Sejak Dinasti Song dan Yuan, pemerintahan Tiongkok secara berturut-turut mulai menjalankan administratif atas wilayah Penghu dan Taiwan. Pada tahun 1683, pemerintah Qing mendirikan Prefektur Taiwan dan menempatkannya di bawah yurisdiksi Provinsi Fujian. Pada tahun 1885, dalam menghadapi invasi penjajah Barat, pemerintah Qing menetapkan Taiwan sebagai provinsi untuk memperkuat pertahanannya. Pada bulan Juli 1894, Jepang memulai Perang Tiongkok-Jepang Pertama, dan pemerintah Qing terpaksa menandatangani Perjanjian Shimonoseki yang tidak seimbang dengan Jepang pada bulan April 1895, dan menyerahkan Taiwan dengan pulau-pulau sekitarnya serta Kepulauan Penghu.

Pemulihan Taiwan selalu menjadi aspirasi dan usulan rakyat Tiongkok dan Partai Komunis Tiongkok. Pada Juli 1936, ketika bertemu dengan jurnalis Amerika, Edgar Snow, Mao Zedong menyatakan: ‘Tugas mendesak Tiongkok adalah memulihkan semua wilayah yang hilang... Artinya, wilayah Timur Laut harus dipulihkan. Hal yang sama berlaku untuk Taiwan’.

Pada tahun 1943, Blok Sekutu dalam Perang Dunia II mengeluarkan Deklarasi Kairo, yang menetapkan Taiwan dan Kepulauan Penghu dikembalikan ke Tiongkok. Deklarasi Potsdam tahun 1945 menegaskan kembali ketentuan ini. Jepang secara resmi menerima semua ketentuan Deklarasi Potsdam setelah menyerah pada tahun 1945. Komunitas internasional telah mengakui kedaulatan Tiongkok atas Taiwan secara hukum dan fakta.

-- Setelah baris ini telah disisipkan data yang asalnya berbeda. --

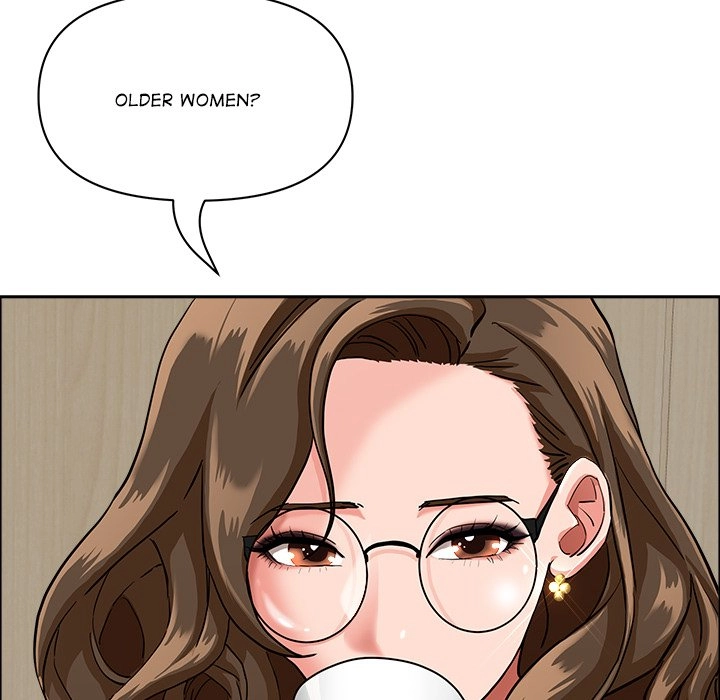 Her Bodyguard Chapter 37 page 32 - 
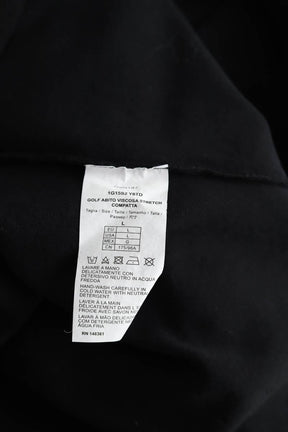 Robe Pinko  Noir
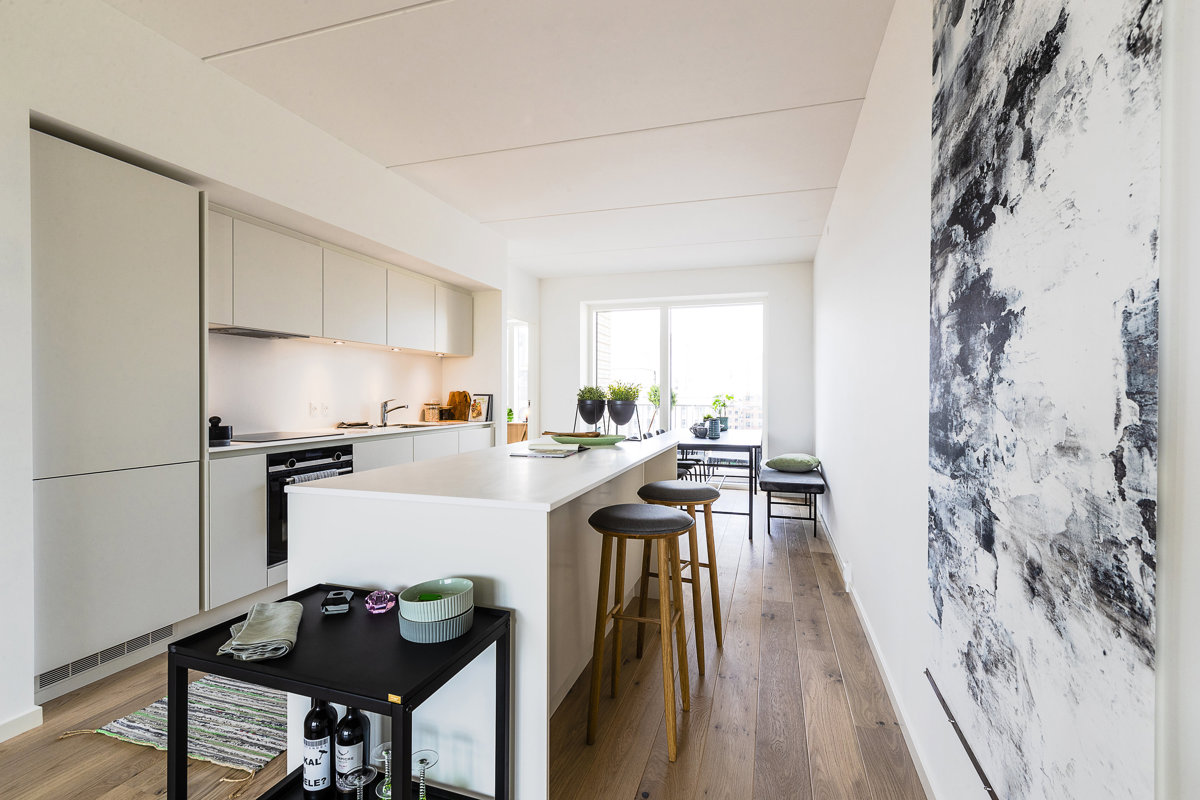 5-room apartment in København S image 2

Pada 1 Oktober 1949, rakyat Tiongkok menggulingkan pemerintah Republik Tiongkok dan mendirikan Republik Rakyat Tiongkok, dan berhak mewarisi semua kedaulatan, termasuk atas Taiwan. Pada 25 Oktober 1971, Majelis Umum PBB ke-26 mengadopsi Resolusi 2758 dengan suara mayoritas memutuskan untuk memulihkan semua hak Republik Rakyat Tiongkok di PBB, mengakui Pemerintah Republik Rakyat Tiongkok sebagai satu-satunya perwakilan sah Tiongkok di PBB, dan mengeluarkan perwakilan otoritas Taiwan beserta semua lembaganya dari PBB. Resolusi tersebut menegaskan kembali bahwa hanya ada satu Tiongkok di dunia dan bahwa Pemerintah Republik Rakyat Tiongkok adalah satu-satunya pemerintahan sah yang mewakili seluruh Tiongkok, termasuk wilayah Taiwan.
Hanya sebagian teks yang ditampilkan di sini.